The more productive angle would be like you and Nicholas say: getting the toolsets into more hands. Part of this would involve rather unglamorous and fairly conventional advocacy for curriculum reform. It's absurd that programming isn't automatically taught to children these days (my impression is that it's actually gotten worse since we were kids and stuff like the Apple II and LogoWriter and HyperCard were around).

So yeah, that's about "raising the temperature," I guess. Something more actionable (though with the same goal of raising the temperature) would be working on the programming equivalent of the desktop publishing software of the 80s or, say, the music making software of the 90s. I know, it's easy for me to say that so vaguely and theoretically -- and maybe it's not what you're looking to talk about, anyway, when you ask for solutions to start working on now.

But I think that until a larger portion of the population understands programming better -- if not the precise mechanics, than at least some of the concepts -- you're going to continue to feel frustrated and limited in your reach. You can't talk to people about something they don't understand, and if social change is your goal you will need to be able to communicate with people outside of the relatively esoteric programming community.

Oct 16 Jeff Hammel:

Engineering has a special place in the coopting of the human state. I'm sure this is true for other fields of expertise, but engineering's uniqueness is marginal returns as a result of artificial external constraint. It is easily showable that we have the entirety of technology needed to maintain a stable system where everyone had elevated standards of absolute wealth, many dramatically so. Obviously, this must fail in the way things all fail.

But taken to a microcosm, engineering is reduced to ineffectiveness. In the effort to get profit, engineering companies are run ineffectively. There are few novel ideas, yet everything engineered pretends to be a novel idea. It is technologically easier, in the same way manner as it is easier to mix coffee and cream than to unmix them, to replicate existent technology. Yet synthesis is achieved from the harmony of technologies: innovation.
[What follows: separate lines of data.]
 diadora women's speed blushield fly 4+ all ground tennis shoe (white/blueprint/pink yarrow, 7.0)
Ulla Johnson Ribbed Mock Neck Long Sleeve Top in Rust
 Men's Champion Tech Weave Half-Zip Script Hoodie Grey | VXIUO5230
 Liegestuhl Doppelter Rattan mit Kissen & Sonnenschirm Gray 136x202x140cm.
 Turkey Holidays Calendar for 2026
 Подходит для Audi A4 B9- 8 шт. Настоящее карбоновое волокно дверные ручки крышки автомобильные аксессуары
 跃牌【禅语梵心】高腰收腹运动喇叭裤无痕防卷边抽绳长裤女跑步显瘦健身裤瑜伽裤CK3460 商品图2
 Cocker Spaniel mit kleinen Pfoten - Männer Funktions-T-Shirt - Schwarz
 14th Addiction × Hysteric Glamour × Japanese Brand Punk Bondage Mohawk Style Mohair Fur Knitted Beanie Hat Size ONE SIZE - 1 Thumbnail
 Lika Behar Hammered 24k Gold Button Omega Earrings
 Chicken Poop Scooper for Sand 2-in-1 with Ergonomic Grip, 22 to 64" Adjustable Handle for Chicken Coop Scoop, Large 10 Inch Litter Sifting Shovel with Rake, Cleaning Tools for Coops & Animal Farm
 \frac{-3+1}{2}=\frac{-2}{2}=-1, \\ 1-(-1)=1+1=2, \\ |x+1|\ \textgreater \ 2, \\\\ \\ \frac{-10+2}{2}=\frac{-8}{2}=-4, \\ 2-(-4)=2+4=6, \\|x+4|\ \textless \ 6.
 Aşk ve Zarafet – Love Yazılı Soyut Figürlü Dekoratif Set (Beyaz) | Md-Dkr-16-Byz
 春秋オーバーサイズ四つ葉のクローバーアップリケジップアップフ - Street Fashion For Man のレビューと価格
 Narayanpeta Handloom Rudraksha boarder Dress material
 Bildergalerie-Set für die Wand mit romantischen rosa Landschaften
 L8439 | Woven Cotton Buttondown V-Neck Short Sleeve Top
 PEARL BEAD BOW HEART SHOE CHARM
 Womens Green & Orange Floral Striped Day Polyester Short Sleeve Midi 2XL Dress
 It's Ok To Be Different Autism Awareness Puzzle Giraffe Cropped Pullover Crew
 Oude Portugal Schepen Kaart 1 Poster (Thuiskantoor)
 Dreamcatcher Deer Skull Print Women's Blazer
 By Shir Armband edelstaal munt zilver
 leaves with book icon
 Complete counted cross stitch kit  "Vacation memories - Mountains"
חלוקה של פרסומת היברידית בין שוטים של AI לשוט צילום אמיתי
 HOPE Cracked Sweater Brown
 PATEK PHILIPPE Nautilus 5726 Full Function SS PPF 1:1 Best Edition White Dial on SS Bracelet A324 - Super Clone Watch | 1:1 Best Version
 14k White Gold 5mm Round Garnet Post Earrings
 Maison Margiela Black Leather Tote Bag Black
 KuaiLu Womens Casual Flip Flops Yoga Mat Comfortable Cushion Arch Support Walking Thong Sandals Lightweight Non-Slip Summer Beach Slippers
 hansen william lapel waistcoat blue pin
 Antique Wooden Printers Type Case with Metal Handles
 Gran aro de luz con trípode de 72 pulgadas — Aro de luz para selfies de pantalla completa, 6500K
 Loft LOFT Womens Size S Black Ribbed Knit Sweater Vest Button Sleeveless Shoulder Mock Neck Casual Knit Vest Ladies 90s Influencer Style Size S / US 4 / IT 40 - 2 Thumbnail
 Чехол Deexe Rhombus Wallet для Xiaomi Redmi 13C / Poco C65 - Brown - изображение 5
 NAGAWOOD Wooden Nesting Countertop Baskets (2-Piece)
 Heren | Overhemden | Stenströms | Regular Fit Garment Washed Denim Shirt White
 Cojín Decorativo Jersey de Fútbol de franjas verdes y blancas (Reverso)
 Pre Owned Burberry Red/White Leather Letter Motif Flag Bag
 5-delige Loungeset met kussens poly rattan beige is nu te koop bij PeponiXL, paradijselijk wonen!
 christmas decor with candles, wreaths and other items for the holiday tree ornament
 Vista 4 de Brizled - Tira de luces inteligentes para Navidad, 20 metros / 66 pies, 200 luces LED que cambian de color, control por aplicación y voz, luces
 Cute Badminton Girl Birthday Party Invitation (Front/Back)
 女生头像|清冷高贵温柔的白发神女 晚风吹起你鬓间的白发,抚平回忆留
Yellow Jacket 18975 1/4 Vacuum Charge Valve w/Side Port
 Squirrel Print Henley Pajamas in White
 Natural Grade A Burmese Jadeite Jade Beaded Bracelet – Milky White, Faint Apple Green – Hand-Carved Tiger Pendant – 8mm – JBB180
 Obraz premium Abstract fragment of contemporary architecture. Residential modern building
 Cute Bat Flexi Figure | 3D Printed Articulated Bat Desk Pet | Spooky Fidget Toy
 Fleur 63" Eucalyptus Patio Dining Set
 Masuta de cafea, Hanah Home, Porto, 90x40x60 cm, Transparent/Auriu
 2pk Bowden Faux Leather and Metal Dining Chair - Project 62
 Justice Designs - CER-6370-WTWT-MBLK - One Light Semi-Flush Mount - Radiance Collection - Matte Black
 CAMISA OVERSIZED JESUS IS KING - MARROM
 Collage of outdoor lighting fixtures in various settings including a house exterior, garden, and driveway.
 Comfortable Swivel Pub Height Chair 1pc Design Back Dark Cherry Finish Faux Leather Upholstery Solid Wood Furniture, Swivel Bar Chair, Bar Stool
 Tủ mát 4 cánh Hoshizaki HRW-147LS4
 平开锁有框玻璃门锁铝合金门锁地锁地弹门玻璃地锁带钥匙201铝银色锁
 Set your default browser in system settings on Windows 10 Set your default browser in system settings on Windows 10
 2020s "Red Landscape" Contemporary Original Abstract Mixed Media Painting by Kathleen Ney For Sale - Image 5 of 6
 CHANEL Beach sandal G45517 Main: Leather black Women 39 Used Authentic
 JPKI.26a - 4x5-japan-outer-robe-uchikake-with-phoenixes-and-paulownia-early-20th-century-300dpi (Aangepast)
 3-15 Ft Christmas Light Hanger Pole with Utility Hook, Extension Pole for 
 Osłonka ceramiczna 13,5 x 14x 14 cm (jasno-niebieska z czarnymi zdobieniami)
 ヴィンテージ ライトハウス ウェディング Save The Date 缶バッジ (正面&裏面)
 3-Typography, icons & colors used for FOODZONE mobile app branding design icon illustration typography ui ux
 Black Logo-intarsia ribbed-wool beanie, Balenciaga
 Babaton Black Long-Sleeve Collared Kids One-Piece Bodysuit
So, no, there'us nothing wrong with making a game that has a wacky gopher popping out of some phone that you get points on for tapping on your iPhone. But the way engineering is practice does harm to the field itself. Instead of developing cohesively, the "let's pretend this is a [new] idea" just gives spawn to "do it you f-ing self"-ism.

Historically, for product, there was scarcity. There is no scarcity of information or engineering. So the suffering is needless. It would be much easier -- much easier! -- to allow engineers to work collectively to develop better systems. It would be cheaper, more time efficient, and result in much more stable innovation more quickly, to take the body of engineers and allow them to work very much part time and on their own schedule and very minimally supervise them.

I guess I'm lucky enough to largely have this, so I shouldn't complain. But it really makes me sad that people...engineers...can't just make the world better

Oct 17 Mary Heller: That's capitalism for you.